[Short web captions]
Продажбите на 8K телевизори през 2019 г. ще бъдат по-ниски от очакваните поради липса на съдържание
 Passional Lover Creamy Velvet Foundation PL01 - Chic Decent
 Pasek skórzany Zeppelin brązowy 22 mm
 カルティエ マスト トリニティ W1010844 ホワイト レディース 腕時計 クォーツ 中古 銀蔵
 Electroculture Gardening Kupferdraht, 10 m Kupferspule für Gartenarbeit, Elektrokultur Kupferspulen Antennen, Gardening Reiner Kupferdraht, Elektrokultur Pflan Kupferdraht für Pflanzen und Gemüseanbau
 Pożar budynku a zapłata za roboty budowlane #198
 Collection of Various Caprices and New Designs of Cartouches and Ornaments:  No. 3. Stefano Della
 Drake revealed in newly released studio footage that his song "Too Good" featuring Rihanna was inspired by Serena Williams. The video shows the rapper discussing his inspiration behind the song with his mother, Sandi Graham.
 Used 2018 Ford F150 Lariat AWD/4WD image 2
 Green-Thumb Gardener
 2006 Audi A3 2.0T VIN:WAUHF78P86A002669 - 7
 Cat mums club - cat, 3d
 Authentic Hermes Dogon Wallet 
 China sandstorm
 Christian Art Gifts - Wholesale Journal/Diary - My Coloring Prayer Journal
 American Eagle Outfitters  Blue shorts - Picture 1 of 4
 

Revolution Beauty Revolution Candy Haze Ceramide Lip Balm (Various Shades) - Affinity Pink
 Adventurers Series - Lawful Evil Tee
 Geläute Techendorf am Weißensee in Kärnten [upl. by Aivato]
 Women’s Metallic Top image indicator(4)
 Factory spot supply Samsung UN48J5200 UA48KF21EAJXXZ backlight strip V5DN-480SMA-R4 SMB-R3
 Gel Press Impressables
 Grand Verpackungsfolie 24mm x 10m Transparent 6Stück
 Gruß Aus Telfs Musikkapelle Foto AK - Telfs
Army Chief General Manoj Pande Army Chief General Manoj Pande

▶ _Description of the task_: Nothing in the entries should be left out; please reproduce them all exactly.

▶ _Output below_:
Продажбите на 8K телевизори през 2019 г. ще бъдат по-ниски от очакваните поради липса на съдържание
 Passional Lover Creamy Velvet Foundation PL01 - Chic Decent
 Pasek skórzany Zeppelin brązowy 22 mm
 カルティエ マスト トリニティ W1010844 ホワイト レディース 腕時計 クォーツ 中古 銀蔵
 Electroculture Gardening Kupferdraht, 10 m Kupferspule für Gartenarbeit, Elektrokultur Kupferspulen Antennen, Gardening Reiner Kupferdraht, Elektrokultur Pflan Kupferdraht für Pflanzen und Gemüseanbau
 Pożar budynku a zapłata za roboty budowlane #198
 Collection of Various Caprices and New Designs of Cartouches and Ornaments:  No. 3. Stefano Della
 Drake revealed in newly released studio footage that his song "Too Good" featuring Rihanna was inspired by Serena Williams. The video shows the rapper discussing his inspiration behind the song with his mother, Sandi Graham.
 Used 2018 Ford F150 Lariat AWD/4WD image 2
 Green-Thumb Gardener
 2006 Audi A3 2.0T VIN:WAUHF78P86A002669 - 7
 Cat mums club - cat, 3d
 Authentic Hermes Dogon Wallet 
 China sandstorm
 Christian Art Gifts - Wholesale Journal/Diary - My Coloring Prayer Journal
 American Eagle Outfitters  Blue shorts - Picture 1 of 4
 

Revolution Beauty Revolution Candy Haze Ceramide Lip Balm (Various Shades) - Affinity Pink
 Adventurers Series - Lawful Evil Tee
 Geläute Techendorf am Weißensee in Kärnten [upl. by Aivato]
 Women’s Metallic Top image indicator(4)
 Factory spot supply Samsung UN48J5200 UA48KF21EAJXXZ backlight strip V5DN-480SMA-R4 SMB-R3
 Gel Press Impressables
 Grand Verpackungsfolie 24mm x 10m Transparent 6Stück
 Gruß Aus Telfs Musikkapelle Foto AK - Telfs
Army Chief General Manoj Pande Army Chief General Manoj Pande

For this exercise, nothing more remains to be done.